● **About this task**: Everything in the data below except the pictures must be repeated word for word.

Input data Block Start

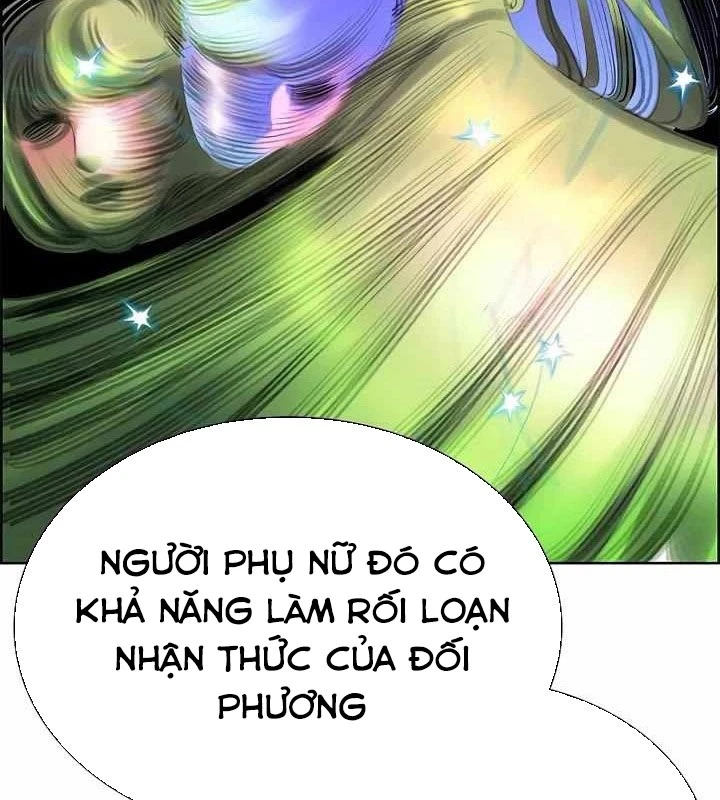 Nhân Trùng Đại Chiến Chapter 181 - 101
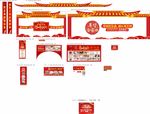 图美寝饰年货合家欢橱窗图片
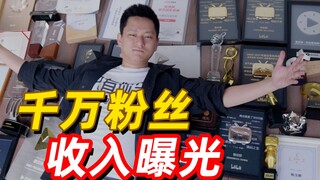 How much can a blogger with nearly 10 million followers earn in a year? This video gives you the ans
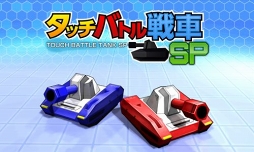 画像ギャラリー No.005のサムネイル画像 / シルバースタージャパン,PS storeにてダウンロードソフト7タイトルの50%オフセールを実施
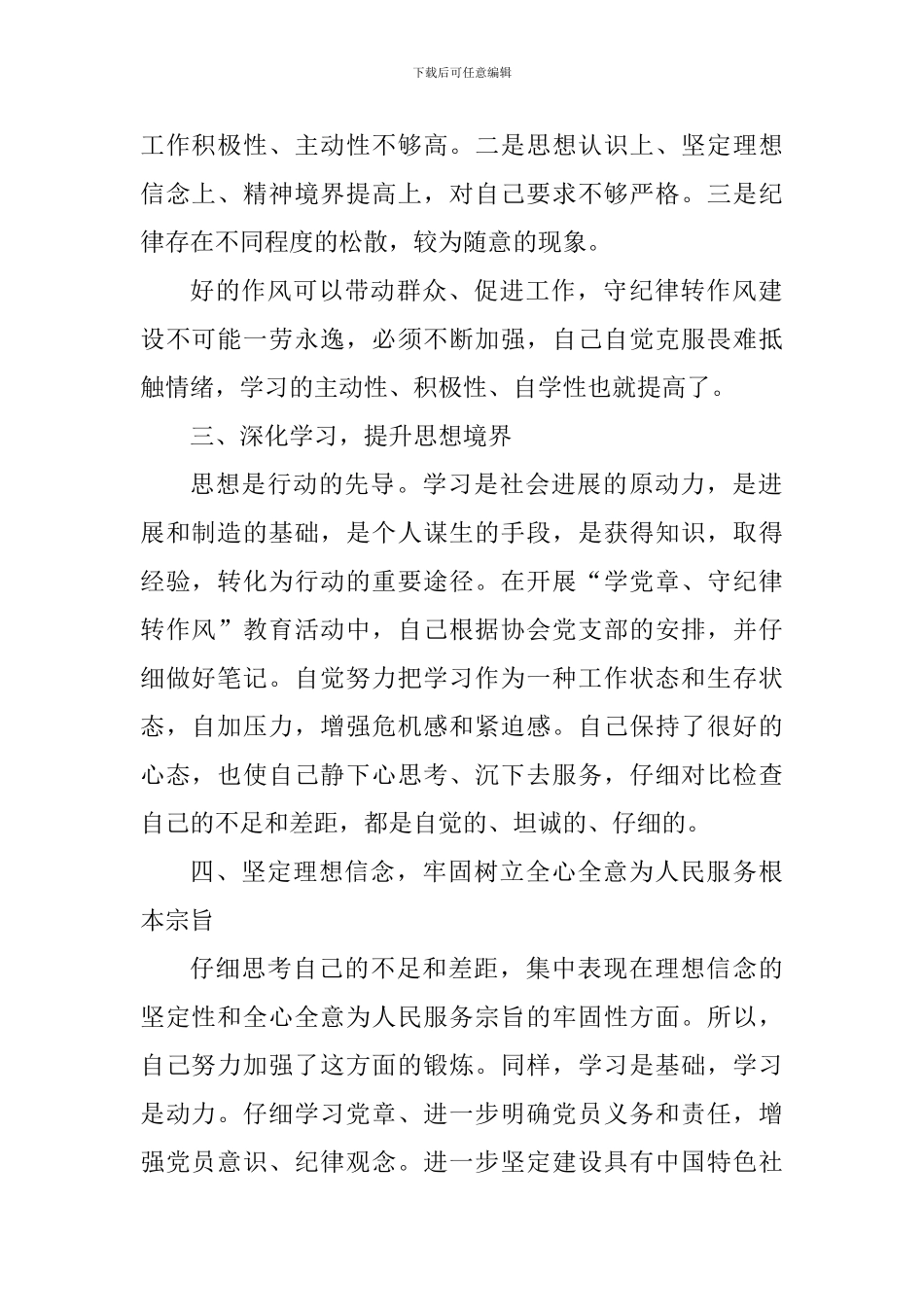 党员发展对象学习新党章的心得体会_第2页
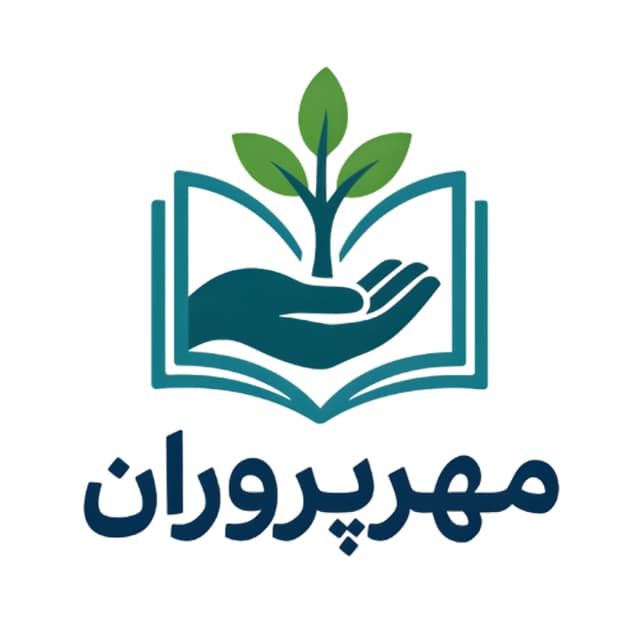 دبستان غیردولتی هوشمند مهرپروران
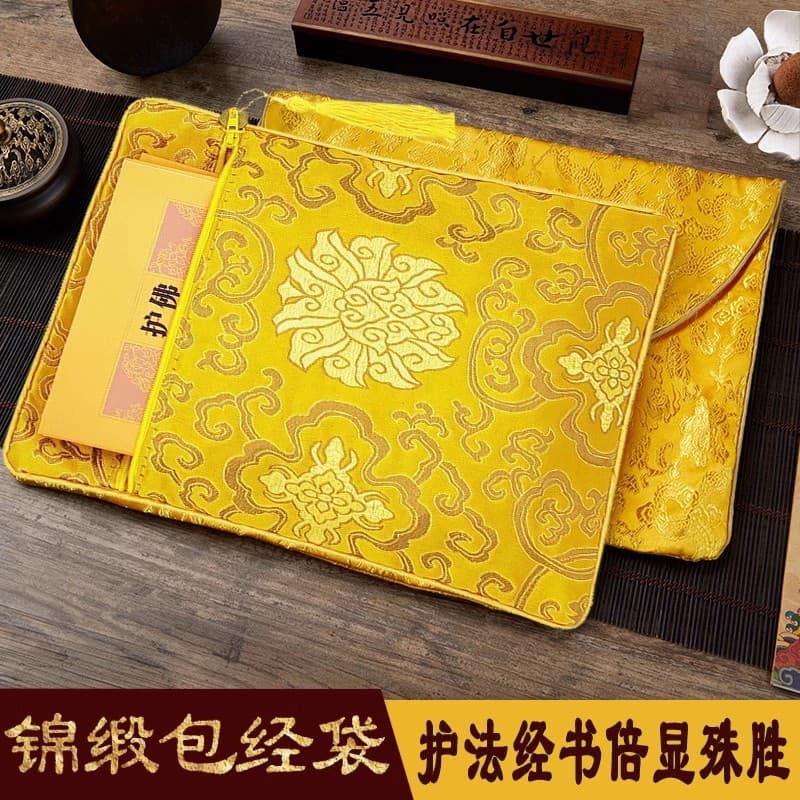 High-Quality Embroidered Sutra Bag, Double-Layered Thick Sutra Storage Bag, Buddhist Scripture Cloth Bag for Copying Sutras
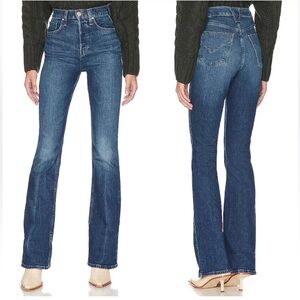 Hudson Faye 26 Ultra High Rise Button Fly Boot Cut Flare Women’s Jeans, Luminous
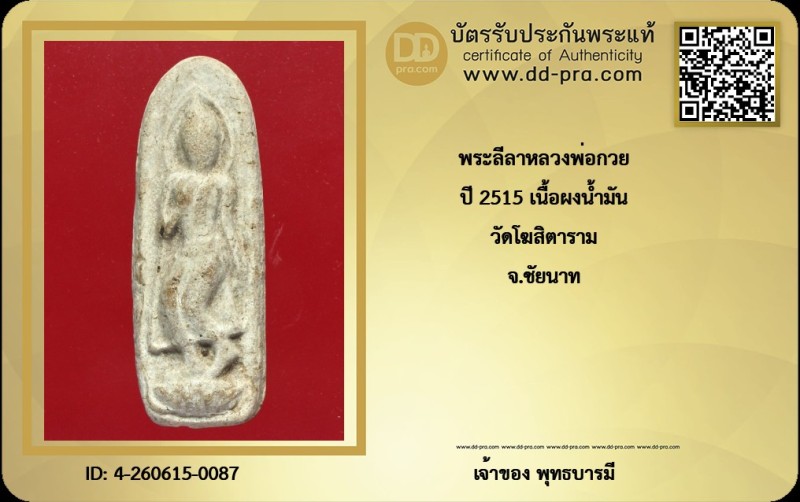 Certificate Front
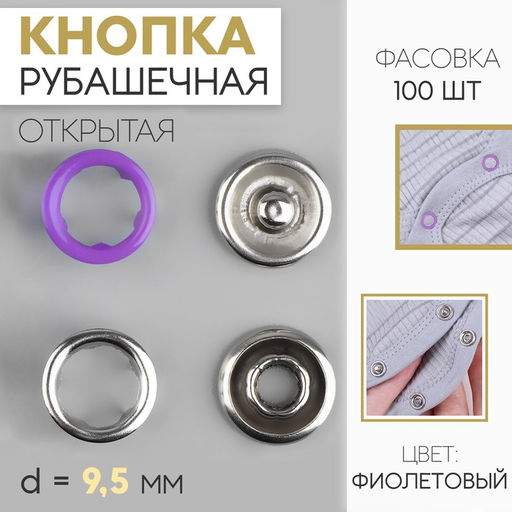 Цена за 200 шт. Кнопка рубашечная, открытая, d=9.5 мм, фиолетовая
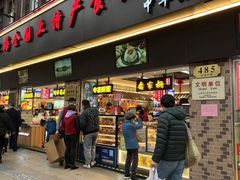 门面-上海全国土特产食品商场(淮海中路店)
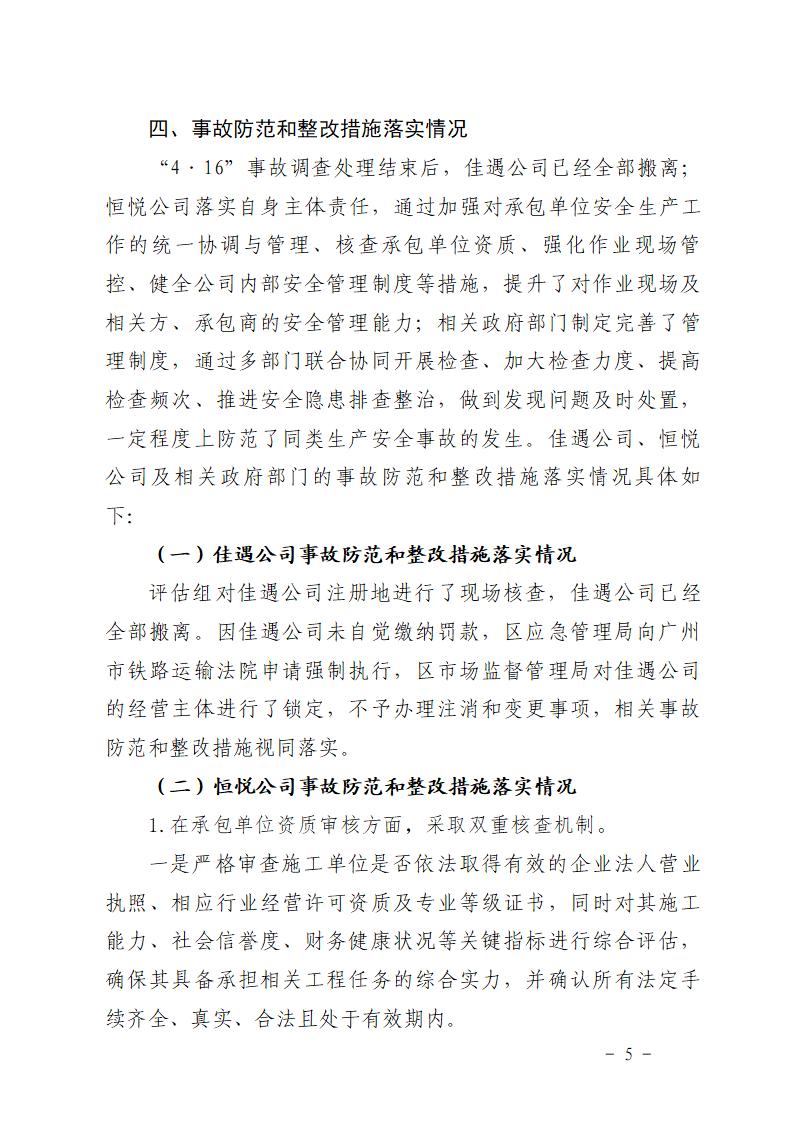 附件：番禺东环广州佳遇文化传播有限公司“4&middot;16”一般高处坠落事故防范和整改措施落实情况评估报告_05.jpg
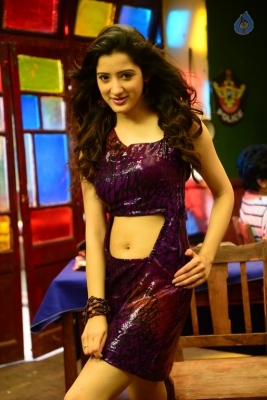 Rakshaka Bhatudu Movie Stills and Poster - 7 of 15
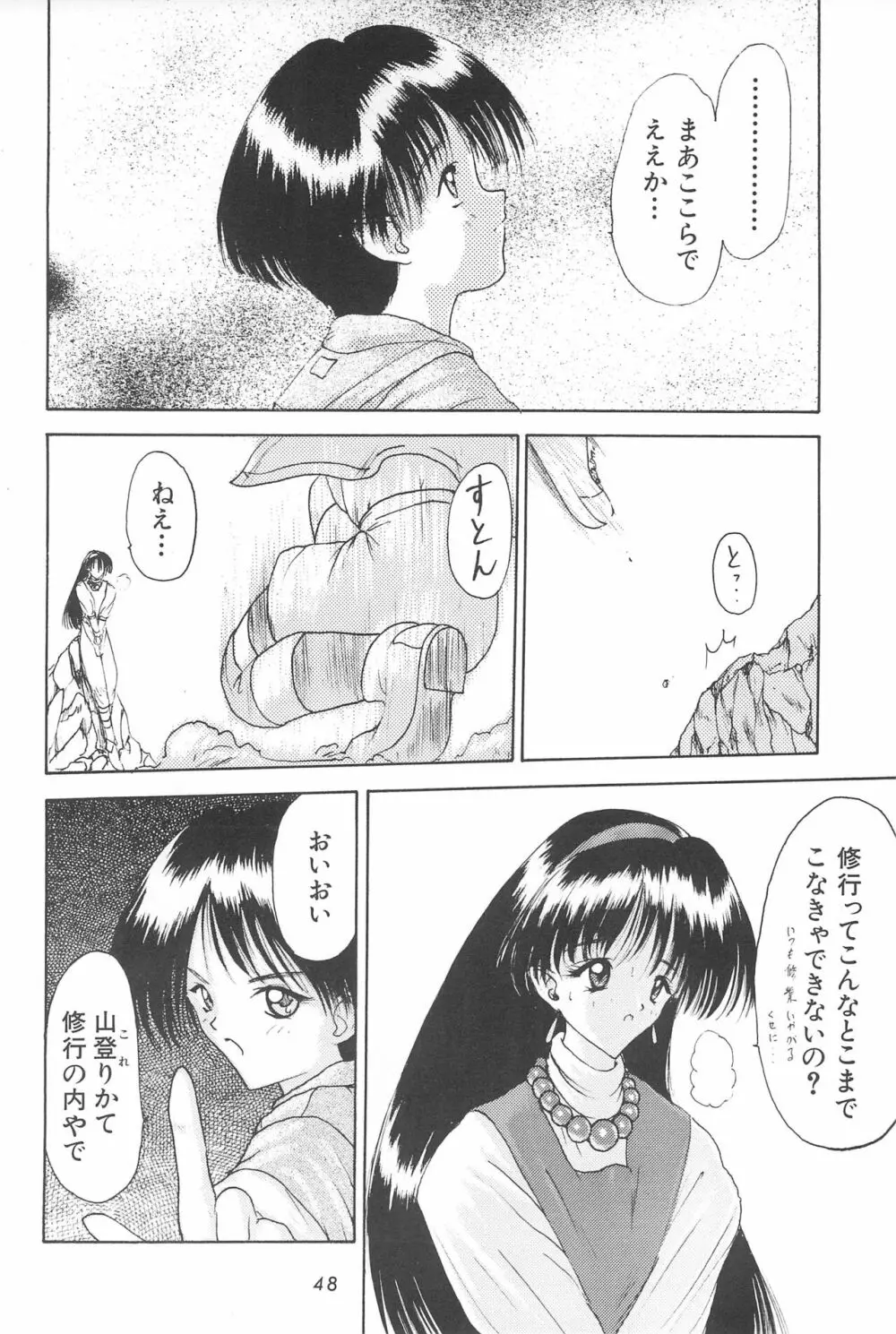 ANYTHING GOES. Page.48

Input data Block End

● **Written answer**:
 Nhân Trùng Đại Chiến Chapter 181 - 101
 图美寝饰年货合家欢橱窗图片
 How much can a blogger with nearly 10 million followers earn in a year? This video gives you the ans
 画像ギャラリー No.005のサムネイル画像 / シルバースタージャパン,PS storeにてダウンロードソフト7タイトルの50%オフセールを実施
 党员发展对象学习新党章的心得体会_第2页
 دبستان غیردولتی هوشمند مهرپروران
 High-Quality Embroidered Sutra Bag, Double-Layered Thick Sutra Storage Bag, Buddhist Scripture Cloth Bag for Copying Sutras
 Hudson Faye 26 Ultra High Rise Button Fly Boot Cut Flare Women’s Jeans, Luminous
 Certificate Front
 Цена за 200 шт. Кнопка рубашечная, открытая, d=9.5 мм, фиолетовая
 门面-上海全国土特产食品商场(淮海中路店)
 附件：番禺东环广州佳遇文化传播有限公司“4&middot;16”一般高处坠落事故防范和整改措施落实情况评估报告_05.jpg
 Rakshaka Bhatudu Movie Stills and Poster - 7 of 15
 ANYTHING GOES. Page.48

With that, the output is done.